2-Dava, dava ve takip konusu çekin zamanaşımına uğramadığının tespiti ve çek bedelinin tahsili talebine ilişkindir. Gerek ilk derece mahkemesince gerekse bölge adliye mahkemesince tahsil isteminin hukuksal dayanağının zaman itibariyle uygulanması gereken mülga 6762 sayılı Kanun"un 644. maddesi olduğu kabul edilmiş, mahkemece tahsil istemi yönünden TTK 644. maddesinde öngörülen 1 yıllık süre geçtikten sonra dava açıldığı gerekçesiyle davanın reddine karar verilmiş olup verilen bu karar aleyhine davalı yanca herhangi bir itirazda bulunulmamış ve istinaf yoluna başvurulmamıştır. Bu itibarla davacının tahsil isteminin hukuksal dayanağının 6762 sayılı Kanun"un 644 (6102 sayılı TTK’nın 732.) maddesinde düzenlenen alacak davası olarak kabulü gerekmektedir. TTK 644. maddesinde bu nitelikteki bir davanın dava konusu çekin zamanaşımına uğramasından itibaren 1 yıllık süre içinde ikame edilmesi gerektiği belirtilmiş olup, mahkemece davanın reddine karar verilmiş ise de, kararda bahsedilen 1 yıllık süre, zamanaşımı süresi olarak düzenlenmiş olup ancak davalı tarafından usulüne uygun şekilde def"i olarak süresinde ileri sürülmesi durumunda dikkate alınır. Zamanaşımı def"i, alacaklının alacağını borçlunun rızasına aykırı olarak dava yoluyla isteyebilme hakkını ortadan kaldıran kişisel bir savunma sebebi olması nedeniyle itirazlardan farklı olarak, diğer savunma sebeplerinde olduğu gibi mahkemece resen gözetilmesi söz konusu değildir. Bu nedenle davalı tarafından 818 sayılı Borçlar Kanunu’nun 140. ve 6948 sayılı Türk Borçlar Kanunu’nun 161. maddesi hükümleri ile HUMK 74. maddesi ve 6100 sayılı HMK’nın 25. maddesi hükmü gereğince tahsil istemi bakımından zamanaşımı definin ileri sürülmesi gerekir.

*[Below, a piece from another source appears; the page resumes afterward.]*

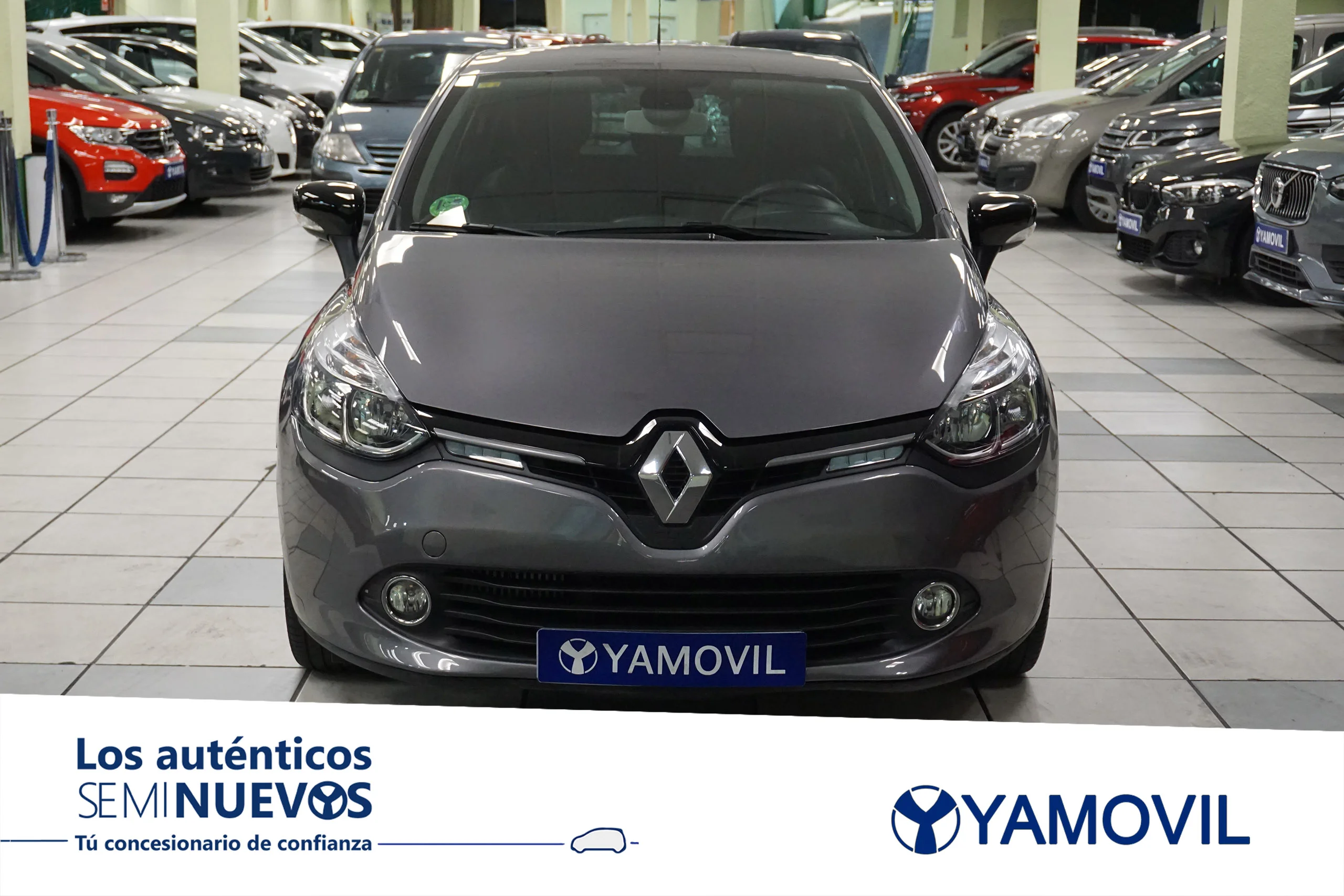 Renault Clio TECHNOFEEL TCE 5P - Foto 2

Dosyanın incelenmesinde davalı tarafından TTK 644. maddeye dayalı tahsil istemi bakımından zamanaşımı def"inde bulunulmadığı anlaşılmaktadır. Bu durumda gerek ilk derece mahkemesinin tahsil davasının zamanaşımına uğradığı cihetiyle verdiği ret kararı ve gerek bölge adliye mahkemesinin davacının istinaf başvurusu üzerine bu yön itibariyle istinaf başvurusunun reddine dair kararı doğru olmamış, ayrıca zamanaşımı definin davalı tarafından ileri sürülmediği halde mahkemece re"sen dikkate alınması az yukarıda açıklanan kanun hükümlerine aykırı olduğu gibi kamu düzenine de açıkça aykırılık teşkil etmekte olup kararın bu nedenle de resen bozulması gerekmiştir.
SONUÇ: Yukarıda (1) numaralı bentte açıklanan nedenlerle, davacı vekilinin sair temyiz itirazlarının reddine (2) numaralı bentte açıklanan nedenlerle, davacı vekilinin temyiz itirazının kabulü ile İlk Derece Mahkemesince verilen karara yönelik istinaf başvurusunun esastan reddine ilişkin Bölge Adliye Mahkemesi kararının BOZULARAK KALDIRILMASINA, HMK"nın 373/1. maddesi uyarınca dava dosyasının İlk Derece Mahkemesine, kararın bir örneğinin Bölge Adliye Mahkemesine gönderilmesine, ödediği peşin temyiz harcının isteği halinde temyiz edene iadesine, 23/10/2019 tarihinde oybirliğiyle karar verildi.